# Why does sin converge not the cos?

1. Oct 11, 2006

### Song

thanks...................

2. Oct 11, 2006

### Song

alternating series
for example
Sigma (-1)^n sin(Pi/n) compare with Signma(-1)^n cos (Pi/n)

3. Oct 11, 2006

### StatusX

What do the terms look like as n->infinity?

4. Oct 11, 2006

### Song

With calculator, I can see the difference.

But how do you analyze this without using calculator?

5. Oct 11, 2006

### StatusX

As n gets large, pi/n goes to zero.

6. Oct 11, 2006

### Song

For sin -0+1-sqrt(3)/2+sqrt(2)/2 ------>althernating series ---->conver.
con -1+0-1/2+sqrt(2)/2-sqrt(3)/2 ---------increasing---diver.

7. Oct 11, 2006

### Song

oh..i see now.

So the lim for Sin(pi/n) = 0-->can't be determined...if con or div.
lim for Cos (pi/n) = 1 by div. test, it's div.

Last edited: Oct 11, 2006
8. Oct 11, 2006

### matt grime

Uh?

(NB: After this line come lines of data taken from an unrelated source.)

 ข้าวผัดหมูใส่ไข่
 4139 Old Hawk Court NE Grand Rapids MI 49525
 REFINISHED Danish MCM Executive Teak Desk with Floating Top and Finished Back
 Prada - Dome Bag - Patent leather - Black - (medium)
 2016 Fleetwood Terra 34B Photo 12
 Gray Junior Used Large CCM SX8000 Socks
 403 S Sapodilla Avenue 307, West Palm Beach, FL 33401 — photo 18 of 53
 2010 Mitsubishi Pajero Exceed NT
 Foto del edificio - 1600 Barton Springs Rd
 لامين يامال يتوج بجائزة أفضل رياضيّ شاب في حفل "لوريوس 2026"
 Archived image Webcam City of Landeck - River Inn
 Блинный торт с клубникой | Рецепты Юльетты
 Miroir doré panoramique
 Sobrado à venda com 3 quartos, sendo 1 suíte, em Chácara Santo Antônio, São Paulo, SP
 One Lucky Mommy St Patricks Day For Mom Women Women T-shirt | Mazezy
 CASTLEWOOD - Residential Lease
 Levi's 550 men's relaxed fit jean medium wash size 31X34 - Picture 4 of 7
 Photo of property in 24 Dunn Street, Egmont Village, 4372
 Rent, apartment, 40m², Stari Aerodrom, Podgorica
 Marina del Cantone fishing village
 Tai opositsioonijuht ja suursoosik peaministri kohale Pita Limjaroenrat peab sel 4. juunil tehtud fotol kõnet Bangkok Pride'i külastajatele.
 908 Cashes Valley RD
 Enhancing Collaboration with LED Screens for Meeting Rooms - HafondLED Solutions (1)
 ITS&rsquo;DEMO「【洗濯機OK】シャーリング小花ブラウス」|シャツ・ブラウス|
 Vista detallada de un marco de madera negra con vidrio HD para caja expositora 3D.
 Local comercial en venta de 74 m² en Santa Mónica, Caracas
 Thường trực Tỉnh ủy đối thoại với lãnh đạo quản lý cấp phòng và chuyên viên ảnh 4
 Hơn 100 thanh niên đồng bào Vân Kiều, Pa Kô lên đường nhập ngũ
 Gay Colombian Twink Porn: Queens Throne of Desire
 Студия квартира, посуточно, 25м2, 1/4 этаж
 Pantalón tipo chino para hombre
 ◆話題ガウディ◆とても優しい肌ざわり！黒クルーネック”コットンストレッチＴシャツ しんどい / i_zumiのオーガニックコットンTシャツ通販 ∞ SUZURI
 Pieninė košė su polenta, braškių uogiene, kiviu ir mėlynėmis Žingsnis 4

Sorry, what the heck is this all about? I've not understood a single word of what's been typed.

9. Oct 11, 2006

### Song

To check Sigma (-1)^n sin(Pi/n) and Signma(-1)^n cos (Pi/n) are divergent or convergent.

10. Oct 11, 2006

### Song

Analyzing it without calculator.

11. Oct 11, 2006

### StatusX

Actually you can say whether the sin series converges because it is an alternating series.

12. Oct 11, 2006

### Song

Thanks.........................

13. Oct 11, 2006

### matt grime

And that bears what relation to your first post? We are not psychics. Post full questions.

For the question, as has been noted, one has terms that do not tend to zero, so the sum can't converge, and one passes the alternating series test.

Note that it is impossible to work out the answer *with* a calculator.